If the bear gets scared and flies away, you should follow a perpendicular path to the one it traveled. Get out of there if you don’t want to run into more trouble.
Stop moving and maintain your position if the bear moves closer to you. Maintain your composure and watch the bear closely for any hints about its state of mind or intentions.
6. Put up a fight
Fight back if a bear attacks you inside your tent or if it sneaks up on you while you’re hiking and then attacks you.
This type of attack occurs relatively infrequently. Still, it can have significant consequences because it almost always indicates that the bear is searching for food and views you as potential prey.
Suppose you are out hiking and come across grizzly bears. In that case, you must contact a park ranger or another official working for a land agency as quickly as possible to assist in the prevention of other hikers coming into contact with bears.
7. Bear Spray (Pepper Spray)
When venturing into the backcountry, it’s good to bring along some bear pepper spray just in case. It is a defensive weapon that can stop an aggressive bear that is charging toward or attacking the user.
Bear spray and human pepper spray are not the same things, even though they are used on an aggressor in the same way that mace is used on a person attacking you.
Be sure to go with a product bear country that has been given the go-light by the EPA and is intended to put an end to bears being aggressive. Because it is not a repellent, you should not apply it to any part of your body or your gear.
Check with the visitor center of the national park you intend to visit to see whether or not the use of bear pepper spray is recommended or permitted for the activities you have in mind.
What Measures do People Take if they get involved in Bear Encounters?
A trip to a national park rarely fails to be complete without at least one unforgettable bear sighting. Even while it is a thrilling experience, it is essential to keep in mind that the bears that live in national parks are wild and have the potential to cause harm.

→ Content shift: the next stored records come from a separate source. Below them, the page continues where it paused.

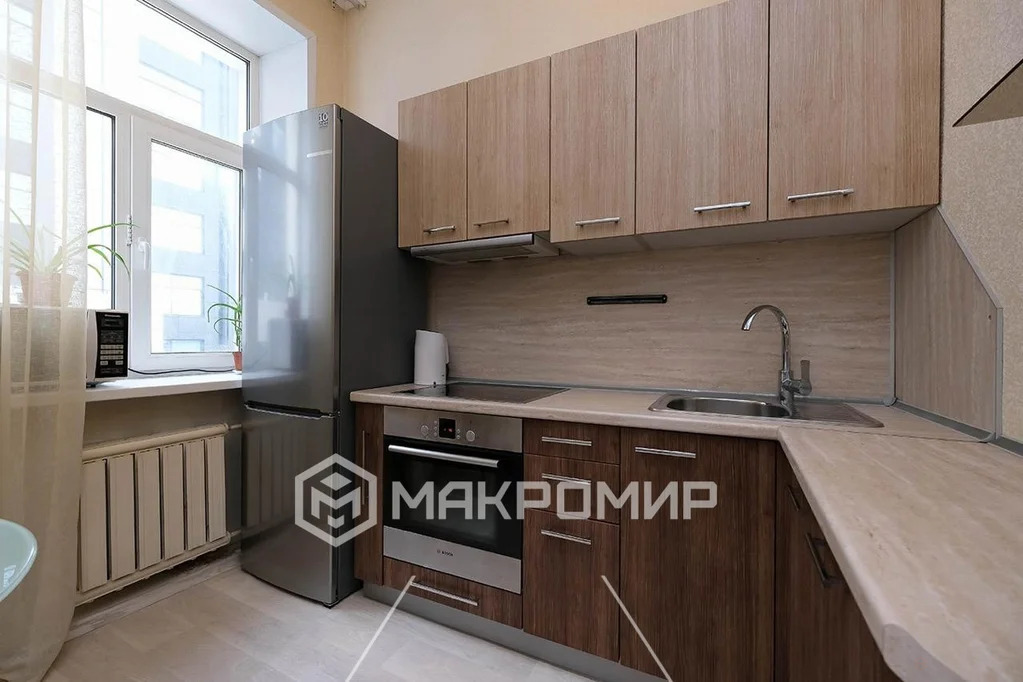 Продажа квартиры, Новосибирск, м. Красный проспект, ул. Каменская - Фото 19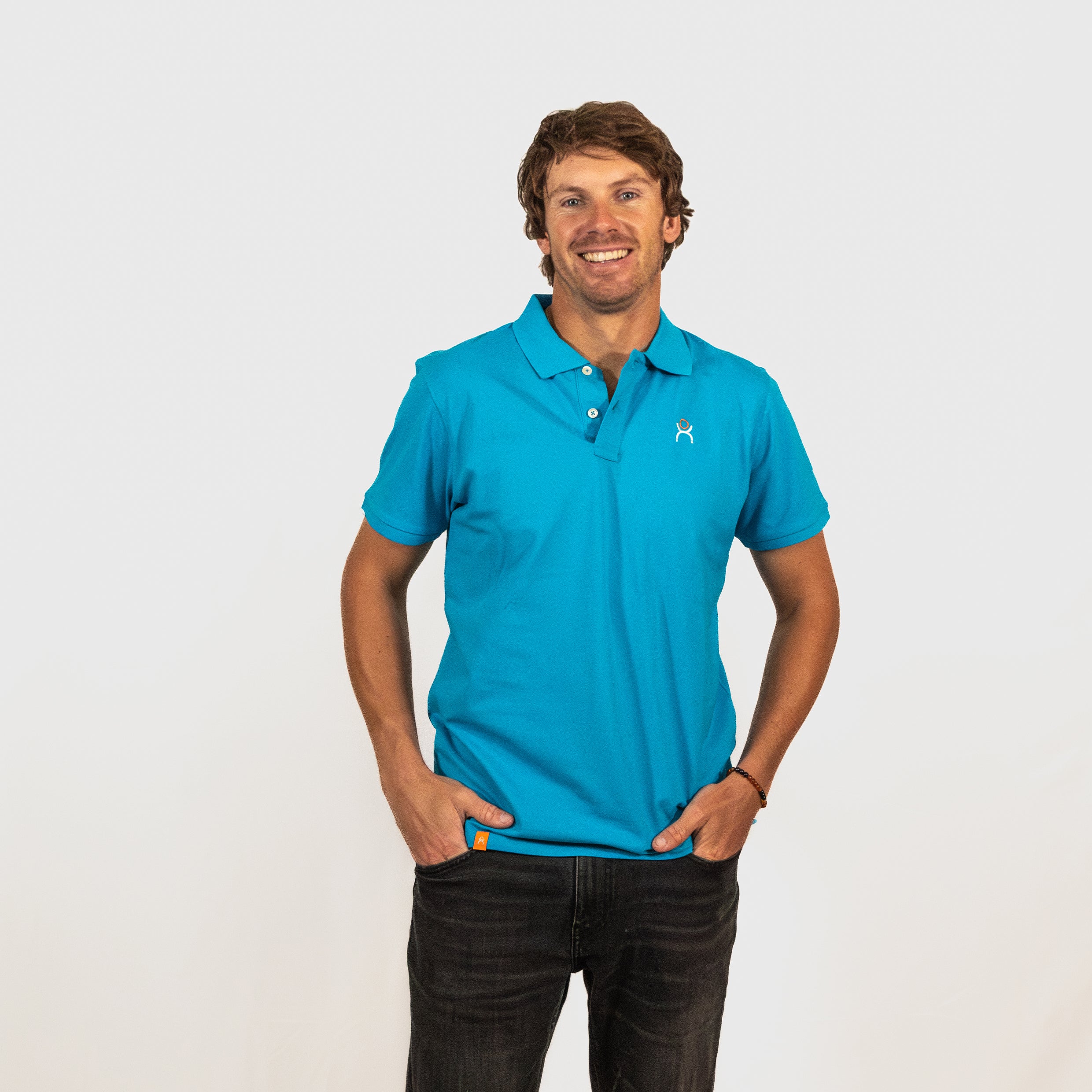 Men’s Polo Shirt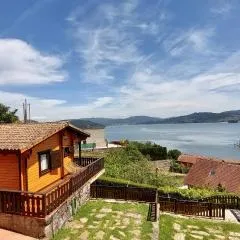 Apartamentos Cobres Rural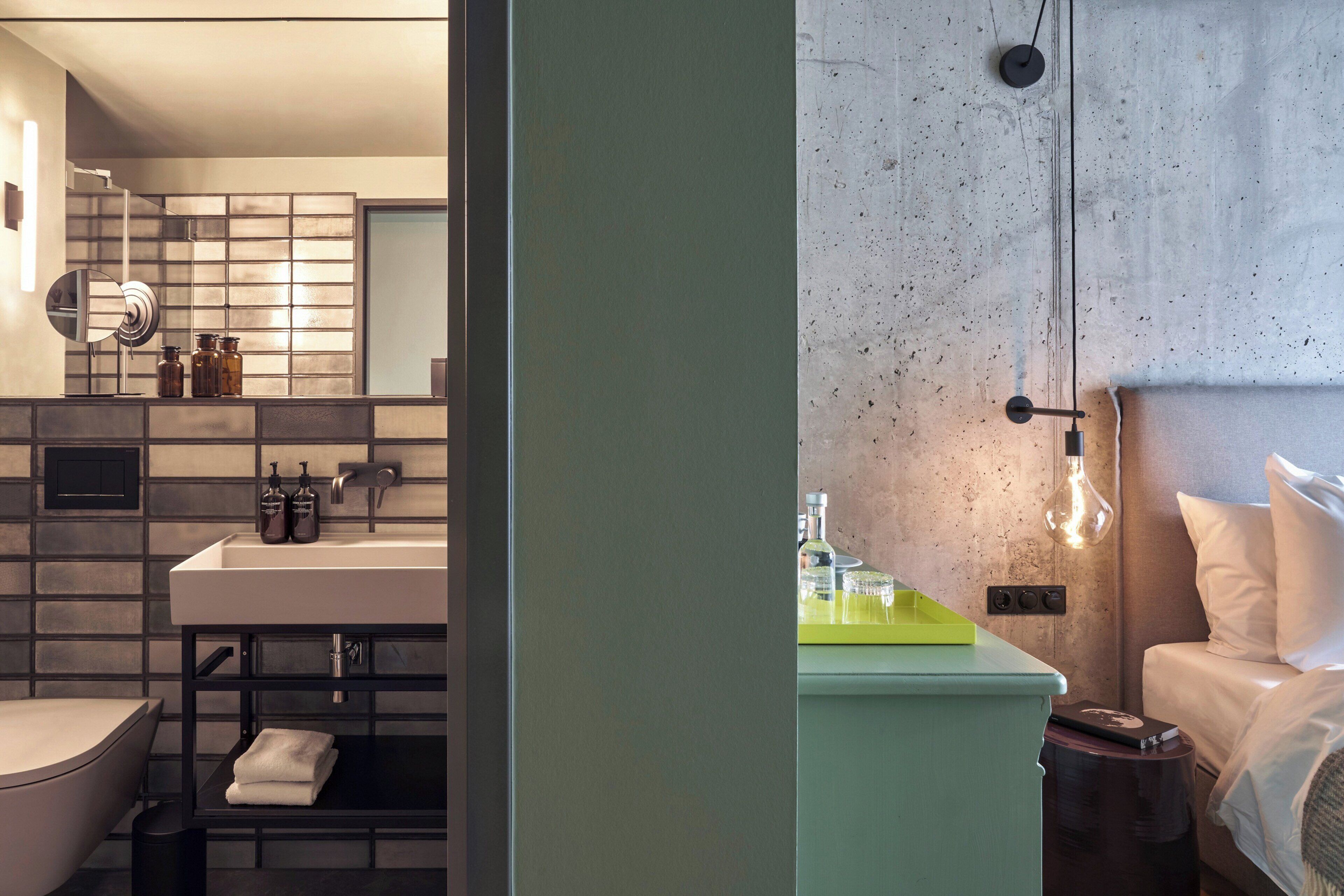 Photo - Gekko House, Frankfurt, a Tribute Portfolio Hotel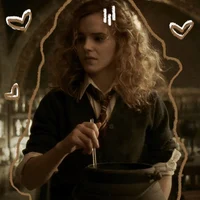 Hermione Granger 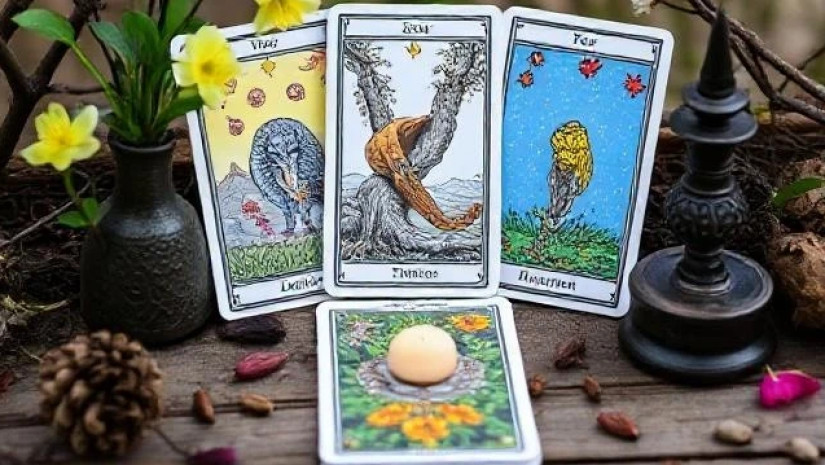 ტაროლოგიური პროგნოზი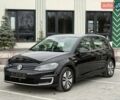 Чорний Фольксваген e-Golf, об'ємом двигуна 0 л та пробігом 145 тис. км за 11500 $, фото 1 на Automoto.ua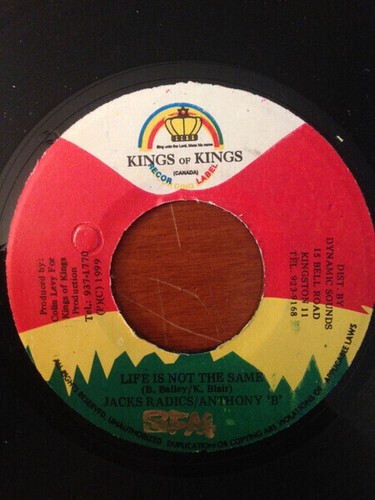 Jack radics anthony - ,,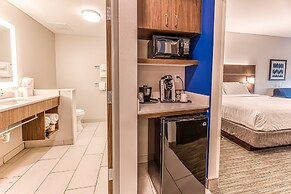 Holiday Inn Express & Suites Rantoul by IHG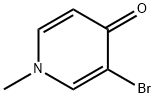 87875-76-1 3-溴-1-甲基吡啶-4(1H)-酮
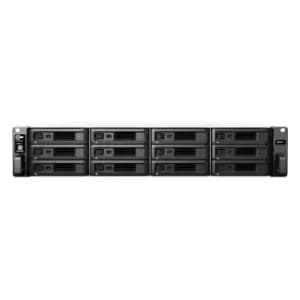 Synology RackStation RS2421RP+ NAS/storage Server Rack (2U)...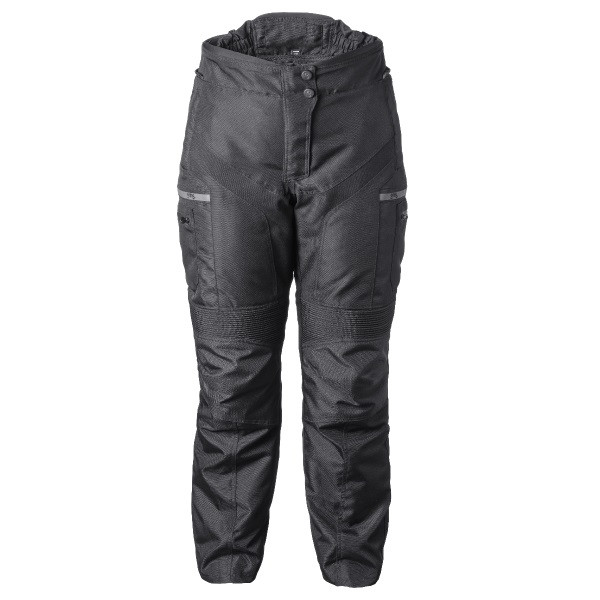 Hlače GMS TRENTO NEO WP LADY ZG65314 Crni DK6XL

Attacks on people are extremely uncommon, but they often result in serious injuries or even fatalities when they do happen. Their actions might often be difficult to predict. Because every bear and every encounter is different, no one approach can be applied universally to ensure one’s safety and work in all circumstances.
Your safety may be contingent on whether or not you successfully calm the bear. The vast majority of run-ins with bears result in no injuries. By adhering to some fundamental standards, the risk of potential harm can be reduced.
Always make sure to check with the nearest visitor center or backcountry office as soon as you reach a national park to obtain the most recent information on how to stay safe around bears.